If you want to audit the page optimisation of titles, titles, headings or meta descriptions you’ll need to use a different platform that can crawl your data, Screaming Frog is a good choice.
When you use tools to audit your content you get a decisive readout of where improvements need to be made, that way you are not putting up with niggling issues that are hurting your SEO performance or turning readers off, and you don’t need to resort to a hit-and-miss style of fixes that make take a long time, without yielding results.
The SEO website audit helps you to provide the best possible experience to your audience, and optimise your content for Google at the same time.
Even though the audit itself can take a while and feel tedious, the clarity you get from the feedback allows you to make incredible improvements to your content marketing strategies as well as avoid repeating mistakes going forward.
For business owners who have created an eCommerce website, the amount of time users spend browsing a website directly relates to the number of sales.

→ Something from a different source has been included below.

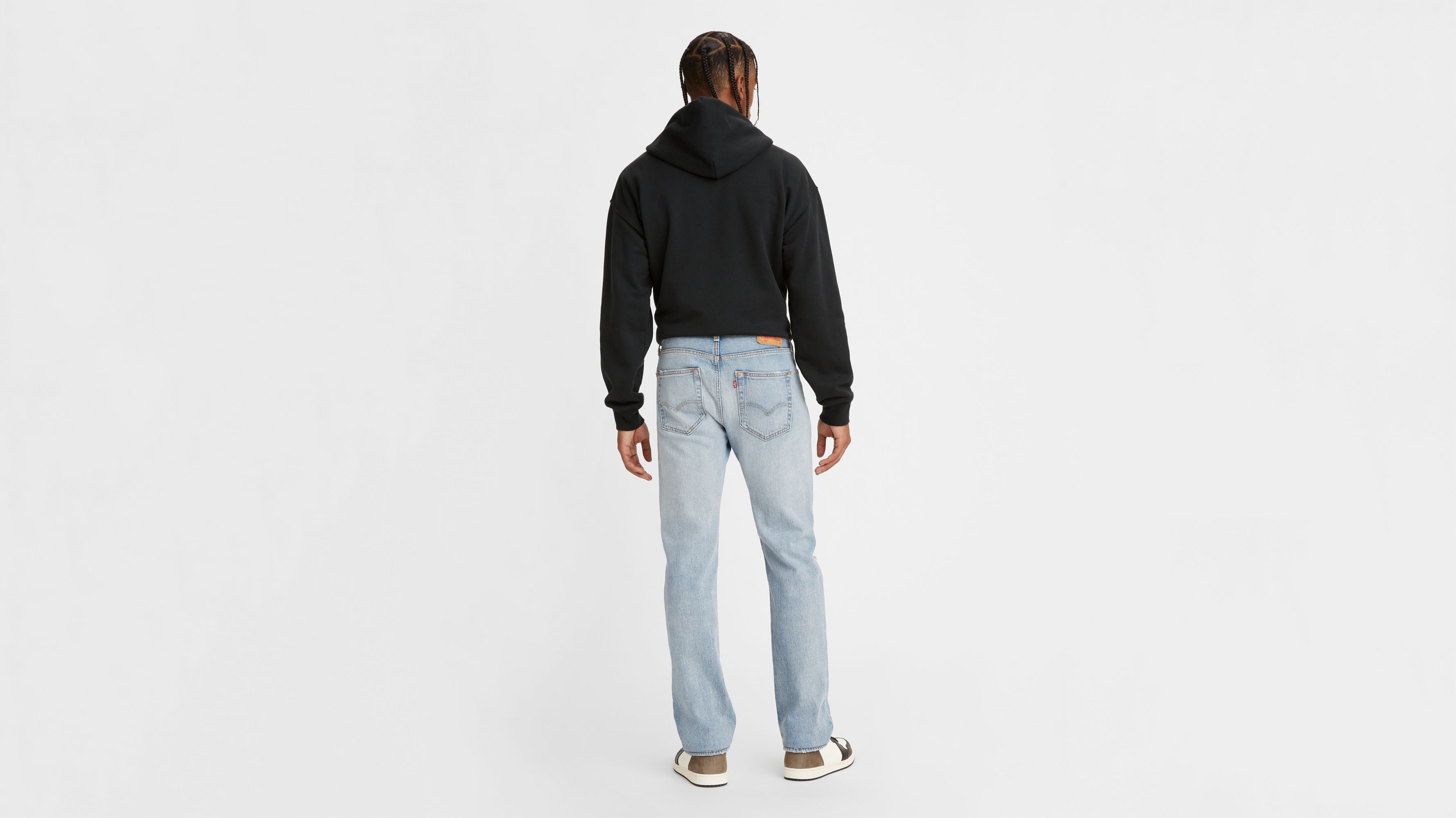501® Original Fit Men's Jeans sold by Levi's product image thumbnail 3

Your overall aim with your content is to keep your users reading. You want them to stay with a page or article from start to finish, and hopefully then click through a deeper element on your site, a related article or even take steps towards a sale. The amount of time they spend on your site sends back messages, too little time and you have little to offer that is relevant or useful to them, more time means more value, more relevance and more engagement that will reflect well on your SEO but also in building user trust and loyalty for your brand.
SEO Website Audit Checklist
Using the SEO website audit checklist, you can keep track of all of the important content metrics, making your content audit process that much easier.
Here’s what we’ll cover in the checklist items:
- Keyword strength
- Content quality
- Thin Content
1. Keyword Strength
When it comes to keywords, you’re not looking for words that show up most in the text, you are looking for the words users are most likely to input into a search box.
The only way to get this right is to know your audience well. It might take some research to understand why and what your users are looking for, but once you have that down there are plenty of ways you can test your keyword strength online before you start using them and play with similar words in your search category.
When you choose the right keywords and accurately match your content to be exactly what users are searching for, it shows that your content is one of the most relevant answers to the query.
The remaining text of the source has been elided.